Powell’s Books is a genuine institution of which Portlanders are justly proud. It’s not simply a bookshop – it is in fact a self-styled ‘City of Books.’ Its tag-line is far from being simple, over-eager sales hype as its main store at 1005 W. Burnside Street occupies an entire city block. On a first visit the place seems bewilderingly huge. There are three floors which are divided into eight colour-coded rooms within which you will find over 4,700 separate subject sections. A map of the store will help you begin to get yourself orientated, but really the best way to get to know the store is simply to surrender yourself to it and just wander through the aisles in dazed wonder. There’s plenty of helpful signage dotted about the bookshop to guide you around, and some of this signage will very likely suggest a few esoteric and unknown subject areas in which you probably never knew you might have had an interest. Here you will find a book title on pretty much anything you can care to imagine – from an Amish cookbook to titles on contemporary politics and economics, via graphic novels, to books on needlework, Sufism, or oceanography – Powell’s really does have something for everyone. Readers might like to take a video tour here.

Amongst the shelves in Powell’s Books. Credit: Ethan Doerr CC BY-NC-SA 2.0

A proudly independent bookstore, Powell’s originally began trading in Chicago in 1970, but moved to Portland the following year, where it has since gradually evolved over time into the wonderfully eclectic and much-loved phenomenon which it is today. Along with the main Burnside store there are six other Powell’s bookshops in town – some of which are devoted to specific specialisms, such as ‘Computer & Technical Books’ and ‘Books for Cooks & Gardeners.’ Powell’s also has a healthy on-line presence too, which is well worth bearing in mind if you are a visitor from out of town or overseas, as it means you might well be able to track down that particularly obscure or out-of-print title which you’ve long been searching for at Powell’s even after you’ve returned home.
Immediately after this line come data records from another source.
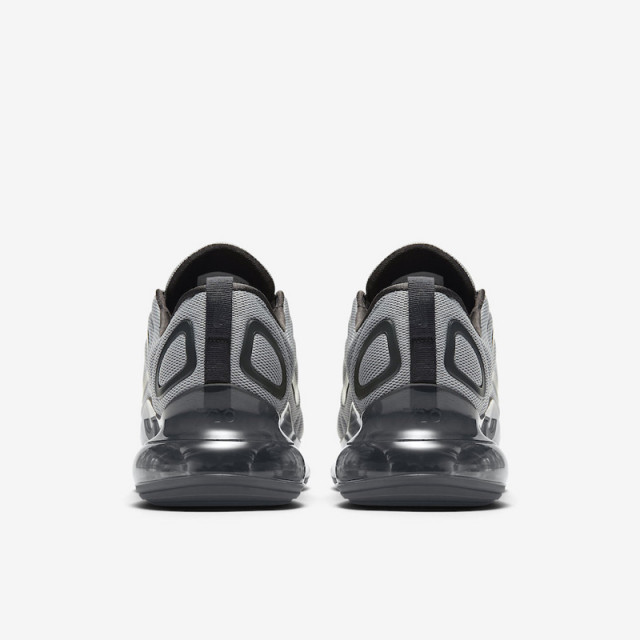 SEPATU SNEAKERS NIKE Air Max 720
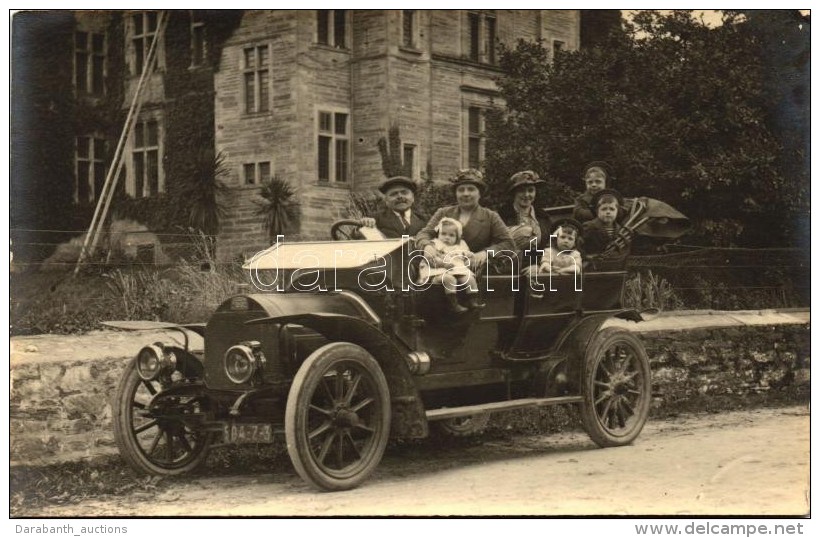 ** T1/T2 Family Photo With Old Automobile - Non Classificati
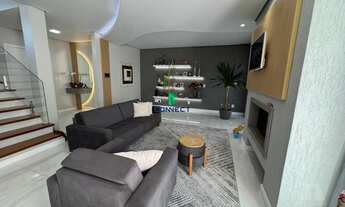 Imagem: Lindíssima e ampla casa no desejado loteamento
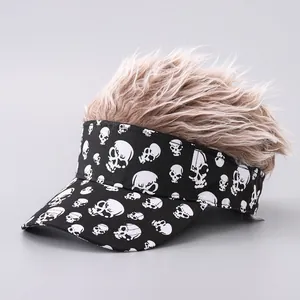 Schwarze Schirmmütze mit Totenkopf-Print und blonder Perücke für Hip-Hop-Partys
Powell’s. Credit: Mobilus in Mobili CC BY 2.0

One of the unique characteristics which help to make ‘The City of Books’ so engrossingly special is the novel fact that its shelves deliberately mix up both new and used titles – hence browsing here is all the more rewarding because you never know what you might find, and when you do find it, you may well find yourself happily surprised by the low cost of the book in your hand (and not least because there is no sales tax in Portland either).

In the interests of even-handedness (though it was very hard to tear myself away from Powell’s), I did decide to check out the competition in town too – largely because I was intrigued to see how any other company might possibly hope to compete with such a wonderful bookshop. And so, with a local map in hand, I headed down to a street on which I’d seen a Borders store marked. Yet when I arrived I found myself peering into a vacant storefront filled with empty shelves adorned with dusty, forlorn looking Borders logos. Clearly there is no competition! At least, not on the same scale at any rate.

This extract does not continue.